Non-Ivy chip on shoulder

Anonymous
Anonymous wrote:
Anonymous wrote:
Anonymous wrote:I think the problem is that you are young and your world view is small. This happens to all of us. We tend to compare ourselves with those we know- our friends, our neighbors, our coworkers. If you get out of your circle and travel the country or the world or even just read a lot about how others live you will not feel this any longer. You will realize this as you get older too. Once you get past that first job and have worked for different places you realize no one cares or asks where you went to college.
This is great advice. I moved into a neighborhood where many of my neighbors are janitors and security guards.
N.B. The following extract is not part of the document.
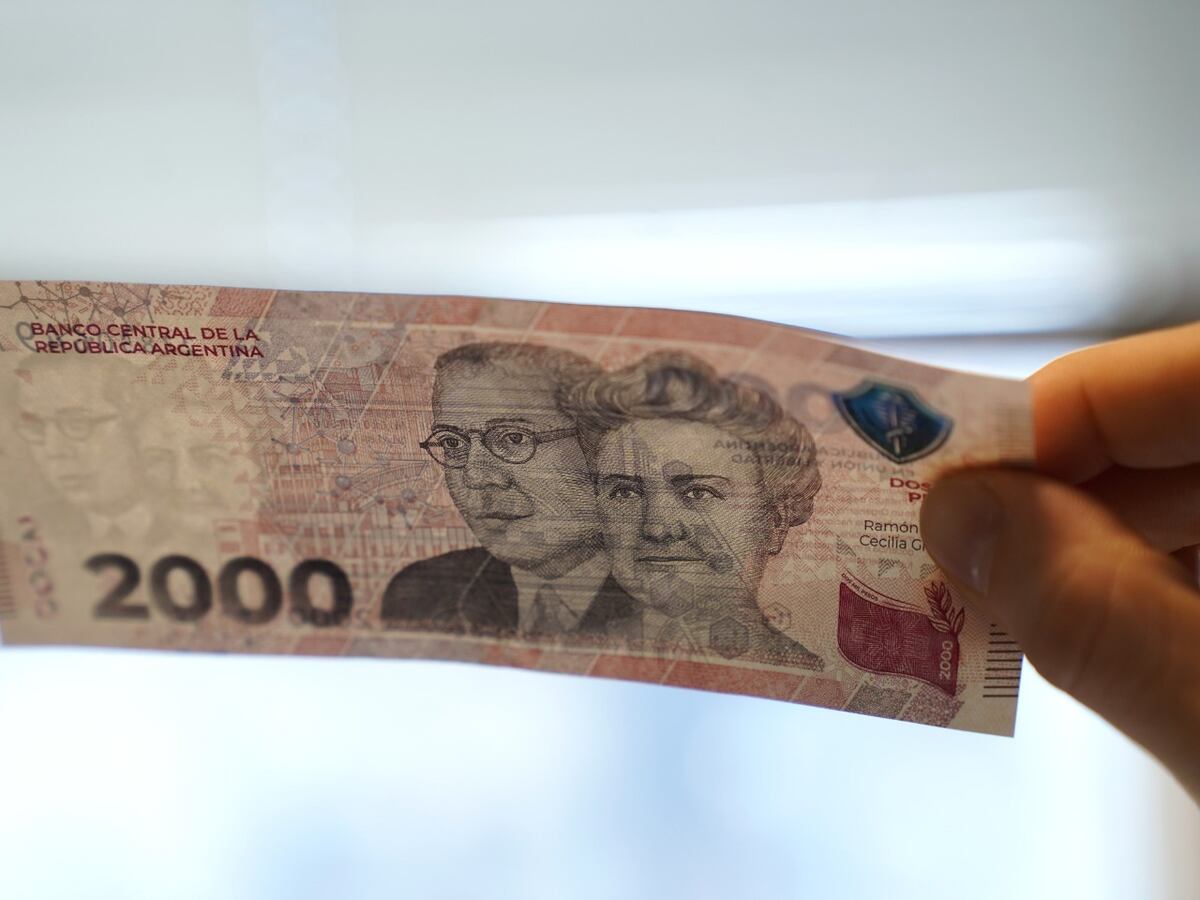 Alerta máxima por un nuevo método de falsificación: el dinero falso que engaña incluso a las máquinas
You realize that people who work hard and care for their families deserve respect regardless of whether they went to a top college or not -- or even went to college at all.


+1 I work at a non-profit and we serve lots of low-wage and even homeless people. You come to understand and appreciate all people no matter their situation. Oh, and some of the most compassionate people we have on staff are Ivy and Ivy Law. I've never ever heard one of them ever mention the name of the school they went to. Not every Ivy grad is a privileged D-bag, sometimes they are truly just great people.
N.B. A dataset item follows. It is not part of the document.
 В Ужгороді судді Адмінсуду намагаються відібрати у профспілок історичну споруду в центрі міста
-! PP you've gone to the other extreme. No one is claiming that ALL Ivies are a problem or "bad" etc. Its just a few select jerks. Please don't paint the picture that everyone is bad.
Anonymous
Anonymous wrote:I get a kick out of it - you think you're so smart with your Ivy degree? I went to public high school in a poor state and then got a scholarship to good (but not great) undergrad and law school and did well and now I'm in the same place you are.


You don't sound like you're over it, if you spend so much time measuring yourself against everyone else. Sometimes I think the whole Ivy thing is just as much a fabrication by the non-Ivy grads. You will be happier if you can take pride in yourself without constantly comparing yourself to everyone else.
Anonymous
NP here. Honestly, this is an illusion. Not taking anything away from the Ivy league colleges, they are genuinely fine institutions, but they are no longer "the best". The "best" has become a really fluid concept, and the Ivy obsession would have made more sense in the 1980's than it does today.
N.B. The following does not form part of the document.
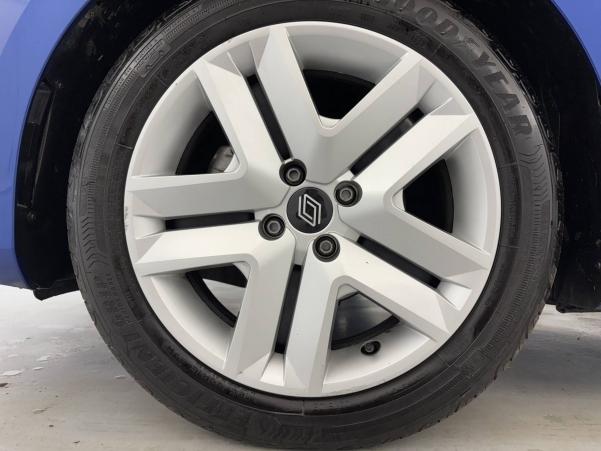 Vente en ligne Renault Clio 5 Clio SCe 65 au prix de 14 990 €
Today we have so many excellent public high schools - you can tell US News ran out of breath listening the top 2000 and then the "Nationally Ranked" and "Nationally Recognized" ones, and I don't even think that list covers all the Blue Ribbon high schools in America - and well-educated middle class kids gunning for the best grades and best educational experience, that it just isn't realistic to think that the Ivies are going to scoop up the best talent. Too many talented kids are graduating from high school with college aspirations.

Meanwhile, hundreds of non-Ivy colleges have found that there is a need for great education, and now you have a fleet of schools with big endowments that are chasing after the best talent every year.

The Ivies get amazing kids, but put it in perspective here - it is a big world, and there are a lot of amazing kids who have done really well and made their non-Ivy alma maters proud.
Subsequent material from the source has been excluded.